鉄道会社が上場するメリットとは―JR九州の例―

[唐池 恒二]の鉄客商売 JR九州大躍進の極意

鉄道会社の中には、上場しているところと、非上場のところがあります。大手私鉄は上場しているのが基本ですが、JR各社は東日本、東海、西日本は上場しているものの、九州、四国、北海道(、と貨物)は非上場でした。

東日本は山手線をはじめ、東京エリアで多くの高収益路線を持っていますので、株主からも問題なく評価されます。東海は在来線については赤字ローカル線を多く抱えている一方で、東海道新幹線というドル箱を背景に、安定した収益を誇っています。JR東海はリニア中央新幹線事業にも取り組んでいることから、さらに収益が安定することが期待されます(建設にかかる巨額に費用は気になりますが)。西日本は、山手線に比べて収益性が劣る大阪環状線、東海道新幹線よりも利用者が少ない山陽新幹線と、やや収益面で不安は抱えてこそいますが、上場したからといって非常に安い株価になるほどではありません。

これらに加えて、2016年にJR九州が上場です。JR九州は「ななつ星」をはじめとする観光特急列車の運転や、東海道・山陽新幹線に直通する九州新幹線など、いくつかの収益源を持っています。しかし、在来線では赤字を抱えているところが多く、熊本地震の被害も受けました。しかし、不動産事業が好調で黒字になることが多く、上場にこぎつけました。

JR九州の上場については、上場済みだったJR3社と比べて収益面で不安が大きく、無理をしなくても、という声がありました。では、鉄道会社が上場するメリットは何があるのでしょうか。

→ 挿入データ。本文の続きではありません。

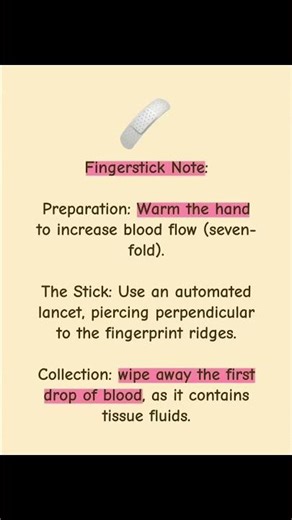 Fingerstick Note: #phlebotomy #phlebotomytraining #phlebotomist #medical #fyp #fypシ #fypシ゚viral #yt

鉄道事業には多くの投資が必要なため、上場によって一気に資金を調達しやすくなることがメリットの1つです。また、自社路線の割引券を株主優待として付与するなどすれば、株価をある程度下支えすることも可能です。さらに、上場したからといってすべての株式が一般の投資家に回るわけではないので、買収されるリスクも限定的です。こうしたメリットを考えると、上場には一定の意義があることがわかります。九州に続いて四国や北海道も上場すれば、といいたいところですが、北海道は赤字ローカル線を多数抱えるほか、車両の老朽化などが問題となっています。北海道新幹線の黒字化にも時間がかかるようです。JR四国はそもそも路線が少なく、不動産事業などに取り組むとしても四国には都市部が少ないこともあって、なかなか株主に支持されるだけの収益を上げることが難しそうですね。